## What to produce
Of the lines listed below, return exactly those that run from the line containing "A handcrafted abstract" through the line containing "A fuel nozzle", both included.

## The input
*** Block opens ***

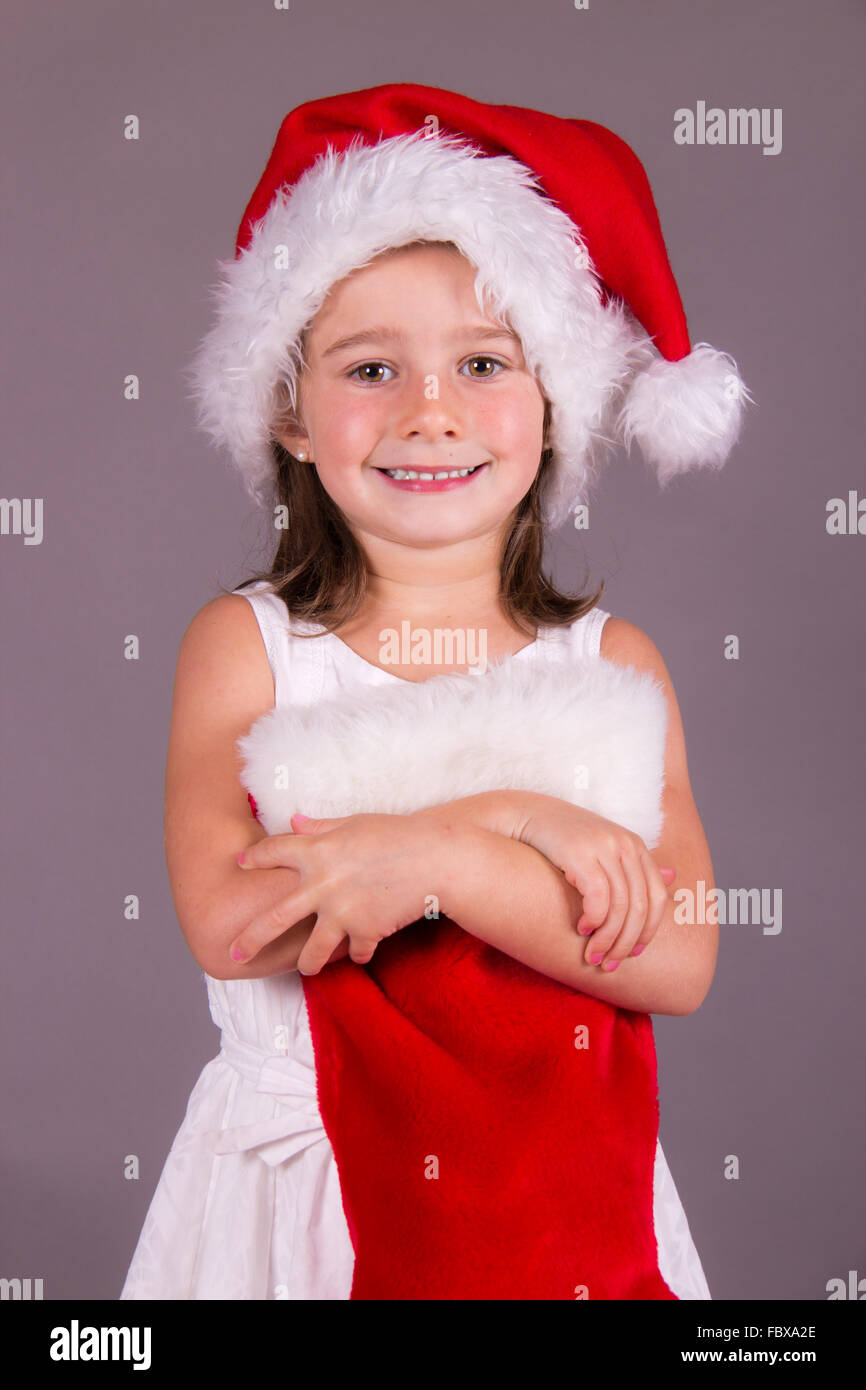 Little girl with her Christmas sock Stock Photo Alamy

*** Block closes ***
*** Block opens ***

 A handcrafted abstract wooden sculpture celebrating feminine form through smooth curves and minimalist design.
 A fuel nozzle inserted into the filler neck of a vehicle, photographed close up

*** Block closes ***
*** Block opens ***

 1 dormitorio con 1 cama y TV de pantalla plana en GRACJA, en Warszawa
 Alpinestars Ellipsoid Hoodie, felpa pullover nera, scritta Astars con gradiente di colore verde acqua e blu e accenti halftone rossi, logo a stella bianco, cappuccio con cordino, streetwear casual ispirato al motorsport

*** Block closes ***

## Response area
 A handcrafted abstract wooden sculpture celebrating feminine form through smooth curves and minimalist design.
 A fuel nozzle inserted into the filler neck of a vehicle, photographed close up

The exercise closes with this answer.